Она повернула голову, а он уже стоял тут, слегка расставив ноги, в плаще, свободно свисающем с плеч. Джон стоял чуть позади него, беспомощно глядя на Оливию. Она отпустила его кивком головы и медленно поднялась.

– Вы всегда без спроса врываетесь в дом? – спросила она Уорвика.

– Если приходится. А вы всегда заявляетесь в дом мужчины по ночам и без приглашения?

Оливия заставила себя сделать медленный, глубокий вдох.

– Полагаю, вы привезли Беатрис?

Он кивнул, и черный локон небрежно упал ему на лоб.

– Что ж... пожалуйста, примите мою благодарность, мистер Уорвик. Вместе с извинениями за причиненные неудобства. Теперь, с вашего позволения мы...

– Я бы хотел поговорить с вами, – прервал он.

– Увы, это невозможно. Я собираюсь уходить, как видите. С сыном.

Она увидела, как взгляд Уорвика опустился на ребенка, прижимающегося к ее ноге, и прячущего свое маленькое личико в юбках.

– У нас так заведено, – поспешила добавить Оливия, отвлекая внимание Уорвика. – Я вожу его на прогулку каждое утро.

– Как трогательно. – Слова Майлза прозвучали шутливо, но лицо его не изменилось. Глаза оставались колючими, выражая непреклонность и создавая у Оливии впечатление, что несмотря ни на что, он все равно скажет то, что хотел.

Видя, что от него не так легко избавиться, она сказала:

– Можете присоединиться к нам, если хотите. Эмили, которая оставалась в кабинете, тихо ахнула.

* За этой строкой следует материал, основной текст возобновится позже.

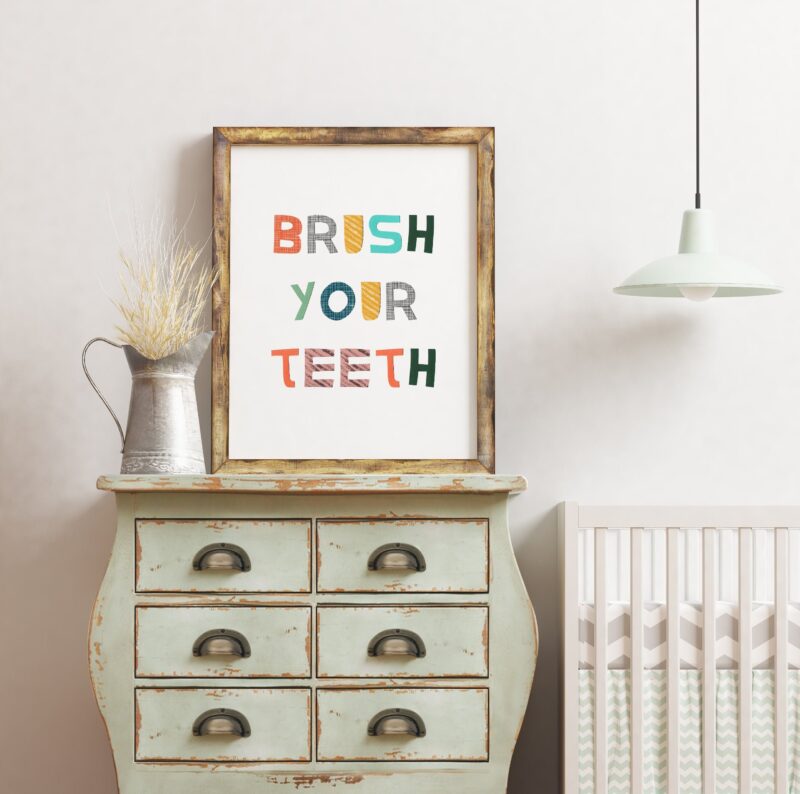 Brush Your Teeth Bathroom Wall Art, Childs Bathroom Art, Kids Bathroom Art, Children's Bathroom Wall Art, Bathroom Reminder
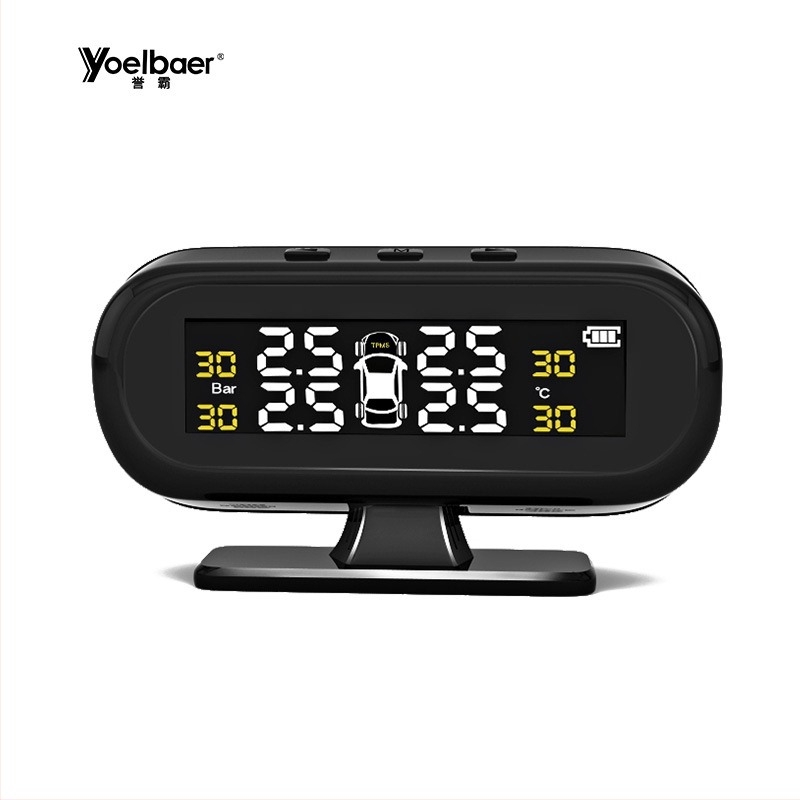 Beépített keréknyomás-érzékelő – modell YB-Q0252, LCD kijelző Bar/Psi egységekkel, vezeték nélküli hatótáv akár 8 m, pontosság ±0.1 Bar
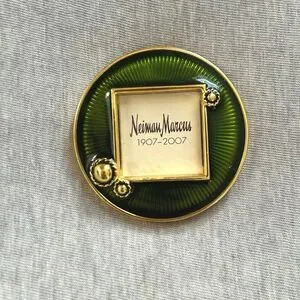 Miniature Green & Gold Picture Frame Brooch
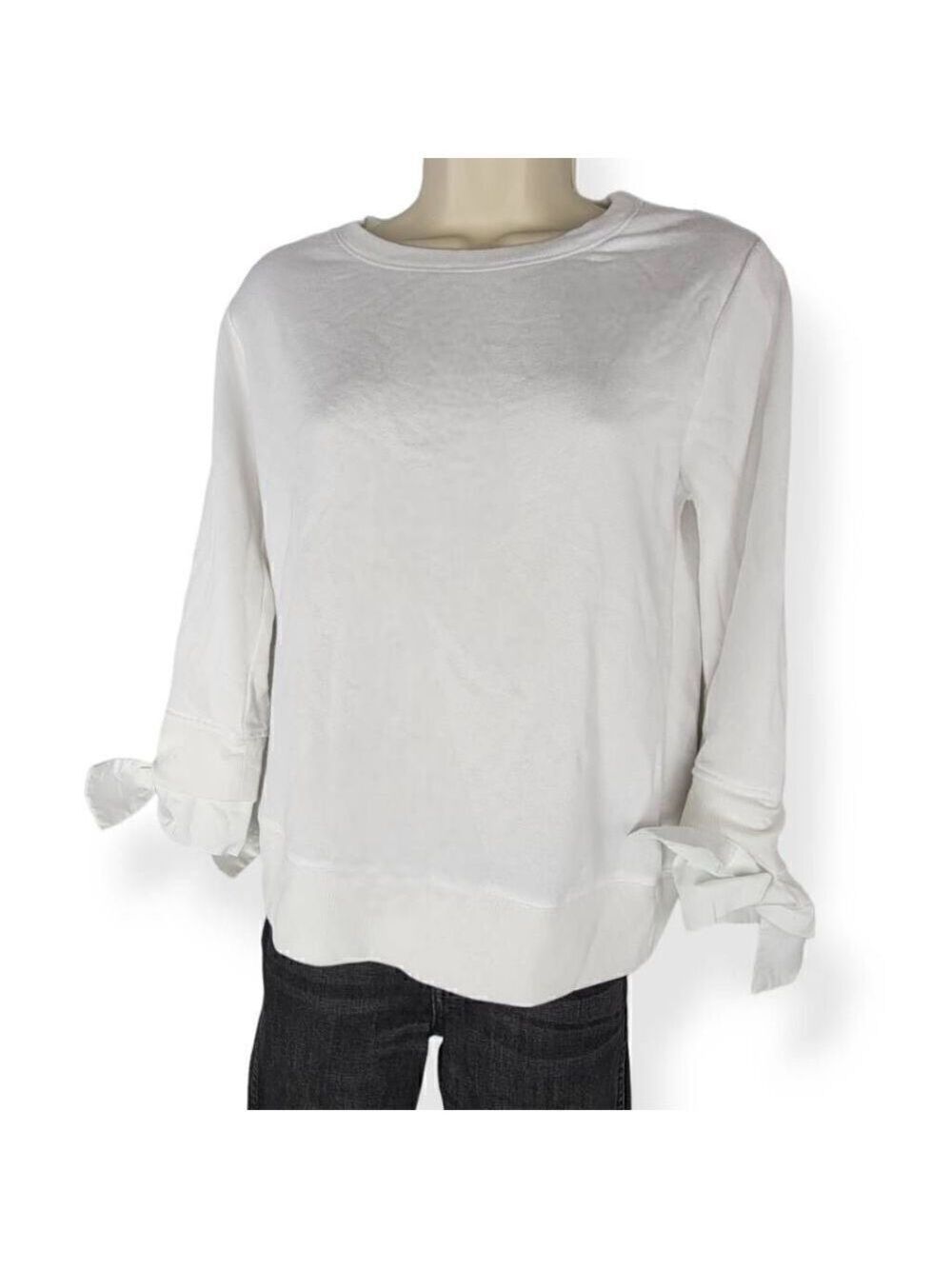 Gibson White Sweater with bow cuffs Petite Small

По правде говоря, Оливия и сама была немало ошеломлена своим предложением. И все-таки лучше, если он скажет ей то, что собирается сказать наедине.

Молчание длилось, казалось, бесконечно. Взгляд Уорвика перемещался от нее к мальчику и затем опять к ней.

– Хорошо, – наконец ответил он.

* * *

Майлз собирался только проводить Беатрис. У него и в мыслях не было встречаться с Оливией. Особенно после прошедшей ночи, когда он выставил себя полнейшим идиотом. Вначале тем, что здорово перебрал, а потом еще и расплакался о своем горе.

И вдобавок этот поцелуй.

Майлз никак не мог отделаться от мысли, что ему это понравилось.

Даже очень.

Фактически, он полночи проходил по дому, думая об этом.

Карета подпрыгнула на кочке, возвращая смятенные мысли Майлза к настоящему моменту времени. Он сидел напротив Оливии, которая закуталась в накидку с лисьим воротником. Рядом с ней сидел мальчик, розовощекий от холода, его ноги были накрыты одеялом. Широко распахнутые зеленые глаза мальчугана глядели прямо на него. Маленькие, но пухленькие пальчики малыш послушно сцепил на коленях.

– Итак? – послышался голос Оливии, снова привлекая к себе внимание Майлза. В полумраке кареты ее лицо, частично скрытое капюшоном, казалось, приобрело оттенок бархатистого крема, а большие глаза были очерчены густой каймой черных, длинных ресниц.

– Что вы хотели сказать, мистер Уорвик?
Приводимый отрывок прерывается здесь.